Hij heeft nooit een gebaar gebruikt. Hij maakte zelfs een statement door niet te gaan zwaaien bij weggaan. Daar waar kinderen rond hun eerste levensjaar gaan zwaaien, zei Lucas ‘doei’ zonder zijn hand op te steken. Hij geeft duidelijk de voorkeur aan verbale communicatie. Dit lukt hem uitermate goed. Dus dit deel van de opvoeding heb ik laten vallen.  

Wanneer ik in het Duits een boek voorlees, word ik de hele tijd verbeterd. ‘Nee niet Pferd mama. Dat is een paard.’ Inmiddels weet Lucas precies welke boeken Nederlandstalig en welke Duitstalig zijn. De Duitstalige boeken moeten in de kast blijven staan. Nu leest Henk iedere avond voor. Dan is Lucas er zeker van dat er niet in het Duits wordt voorgelezen. Wanneer ik hem thuis in het Duits iets vraag, negeert hij mij.
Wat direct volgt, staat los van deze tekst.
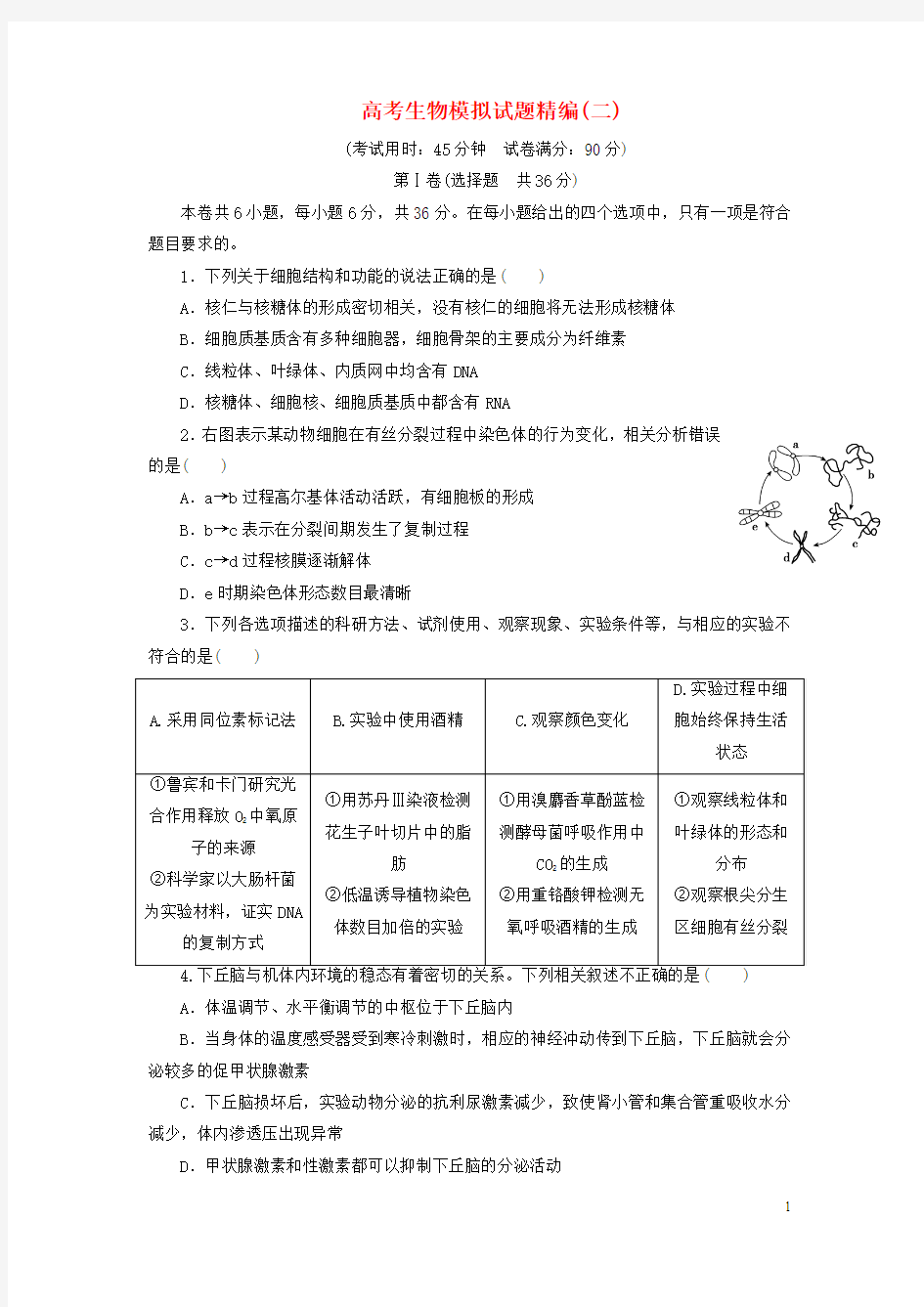 2018年高考生物模拟试题精编二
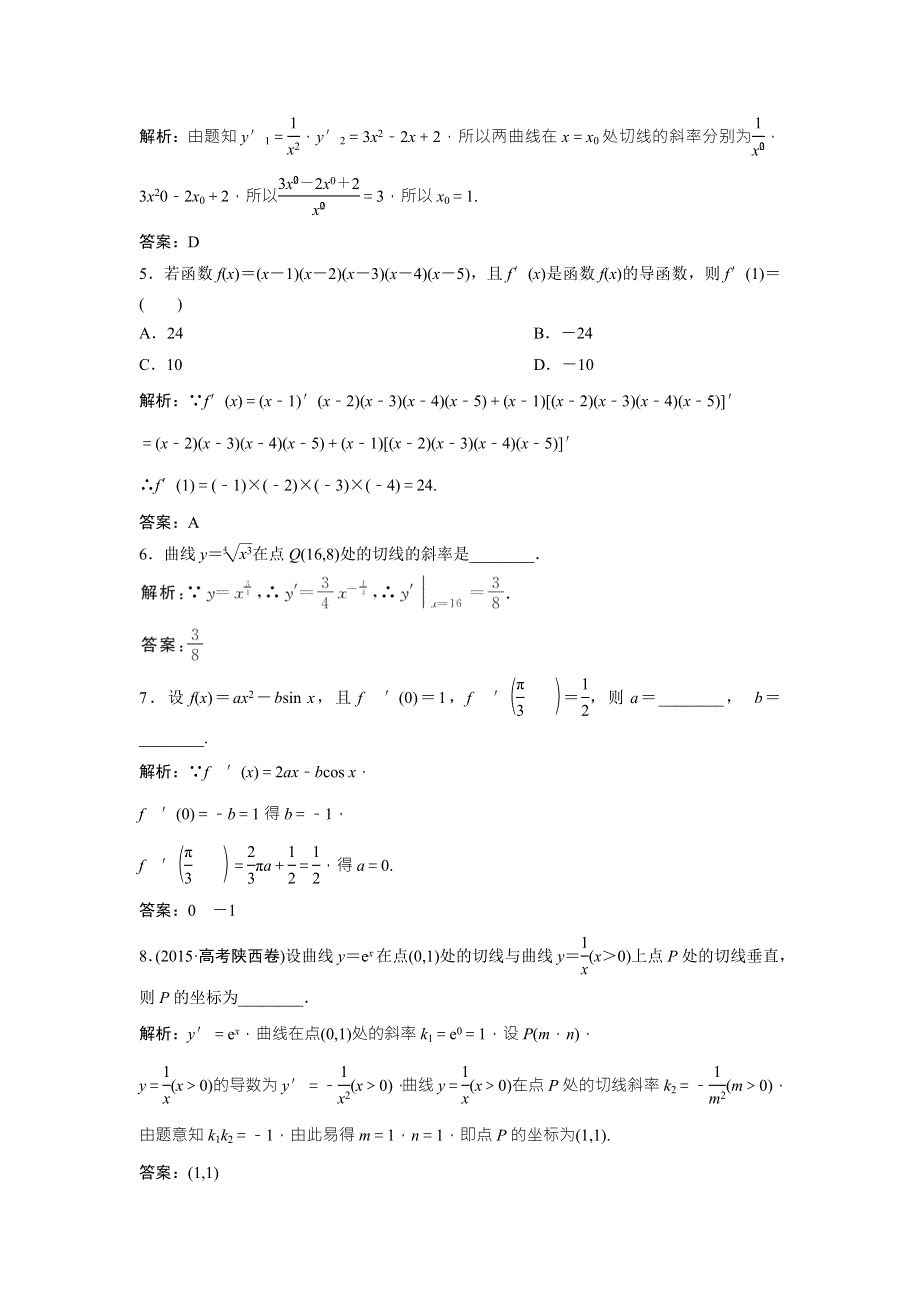 2017-2018学年数学人教A版选修1-1优化练习：3．2　导数的计算 WORD版含解析.doc_第2页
Pas als ik het in het Nederlands vraag, krijg ik antwoord. Maar ik heb iets ontdekt. Wanneer we ons in een Duitstalige omgeving bevinden, bijvoorbeeld bij het muziekgroepje de Musikmäuse, mag ik wel Duits praten met Lucas. Binnenshuis spreken we dus geen Duits. Nul. Noppes. Nada. Nichts.

Binnenshuis spreken we dus geen Duits. Nul. Noppes. Nada. Nichts.

Lucas communiceert met mij in het Nederlands, uitsluitend verbaal. Hij verwacht dit ook van mij terug. Een ‘taalrelatie’ noemen ze dat. Prachtig woord. Marinella Orioni omschrijft dit woord als volgt: “een taalrelatie ligt heel diep verankerd in de relatie tussen personen. Er hoort een gevoel bij, het heeft te maken met je veilig voelen. Er zit geborgenheid in hoe je naar de ander kijkt.” De omschrijving is net zo prachtig als het woord. Lucas voelt zich bij mij het veiligst in het Nederlands. Onze taalrelatie is dus overduidelijk Nederlands.

Een taalrelatie heeft te maken met je veilig voelen.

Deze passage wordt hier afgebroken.